Transcribe the entries below word for word, beginning at the line with "Now we have" and stopping after the line with "For any questions, please"; drop all pictures.

══ Records for the exercise ══

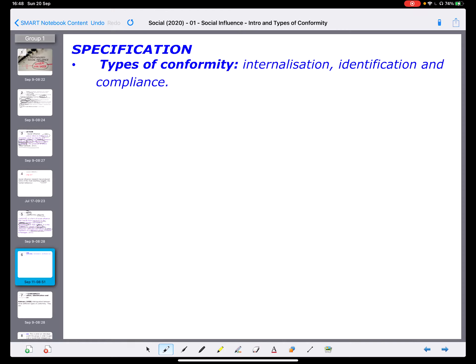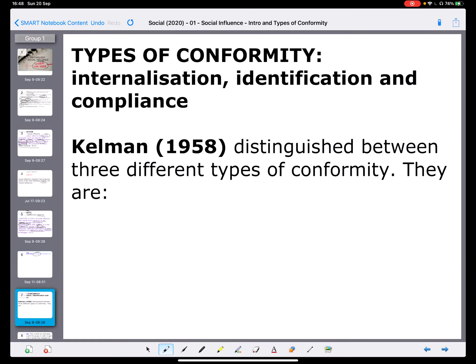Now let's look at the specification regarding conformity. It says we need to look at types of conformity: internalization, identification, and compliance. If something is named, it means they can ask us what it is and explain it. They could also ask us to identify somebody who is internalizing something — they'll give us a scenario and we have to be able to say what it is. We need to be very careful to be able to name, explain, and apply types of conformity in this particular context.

═══
══ Records for the exercise ══

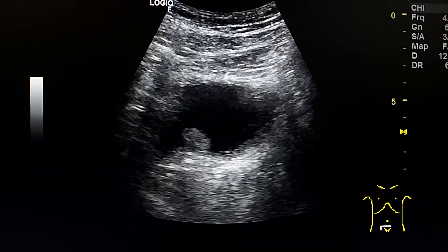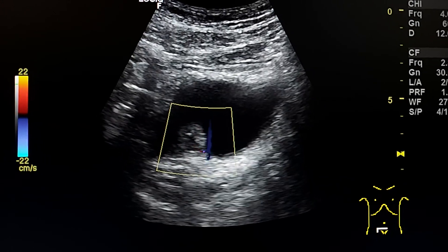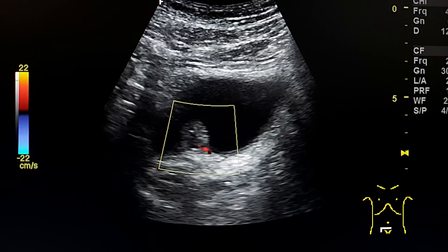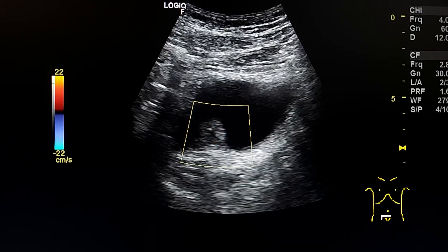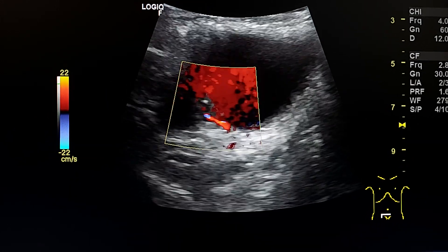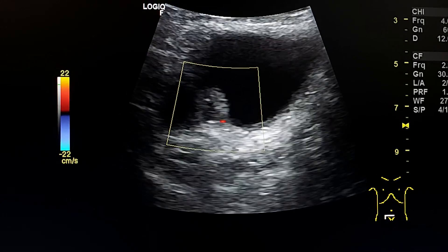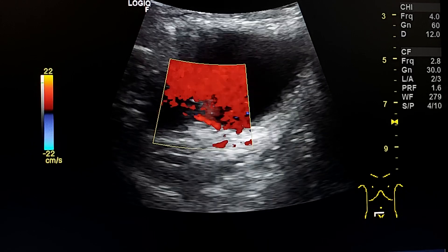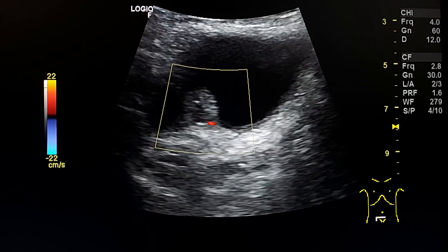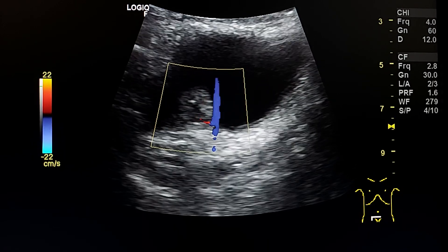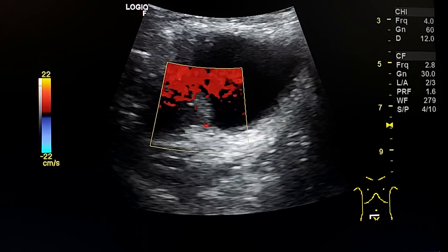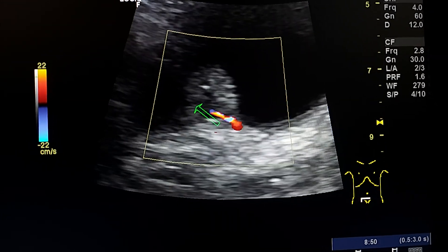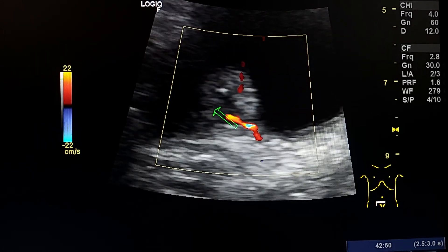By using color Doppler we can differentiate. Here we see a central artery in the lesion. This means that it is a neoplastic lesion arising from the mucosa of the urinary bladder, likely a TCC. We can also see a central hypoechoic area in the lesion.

═══
══ Records for the exercise ══

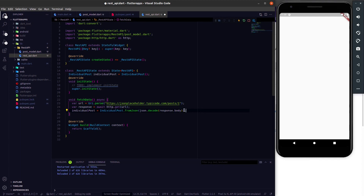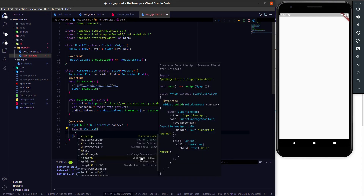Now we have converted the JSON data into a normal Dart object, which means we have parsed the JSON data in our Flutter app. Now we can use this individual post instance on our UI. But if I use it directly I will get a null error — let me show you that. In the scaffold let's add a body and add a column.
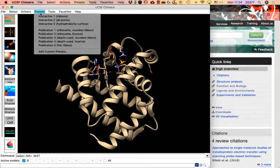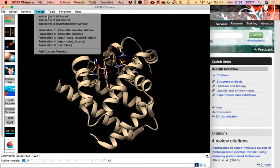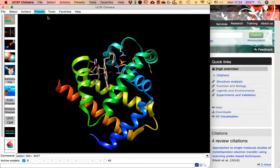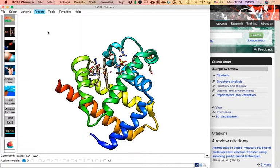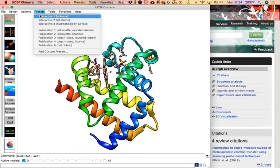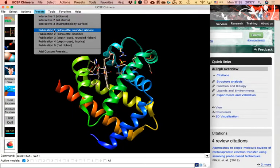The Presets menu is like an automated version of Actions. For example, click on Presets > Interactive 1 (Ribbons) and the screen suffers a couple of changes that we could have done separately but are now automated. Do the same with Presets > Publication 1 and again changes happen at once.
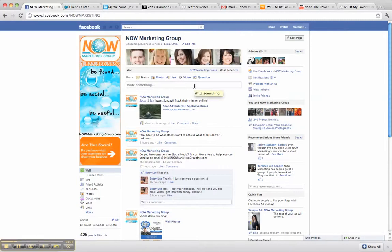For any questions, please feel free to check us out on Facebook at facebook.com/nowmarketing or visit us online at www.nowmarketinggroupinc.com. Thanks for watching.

═══

**Solution for this task**
Now we have converted the JSON data into a normal Dart object, which means we have parsed the JSON data in our Flutter app. Now we can use this individual post instance on our UI. But if I use it directly I will get a null error — let me show you that. In the scaffold let's add a body and add a column.
The Presets menu is like an automated version of Actions. For example, click on Presets > Interactive 1 (Ribbons) and the screen suffers a couple of changes that we could have done separately but are now automated. Do the same with Presets > Publication 1 and again changes happen at once.
For any questions, please feel free to check us out on Facebook at facebook.com/nowmarketing or visit us online at www.nowmarketinggroupinc.com. Thanks for watching.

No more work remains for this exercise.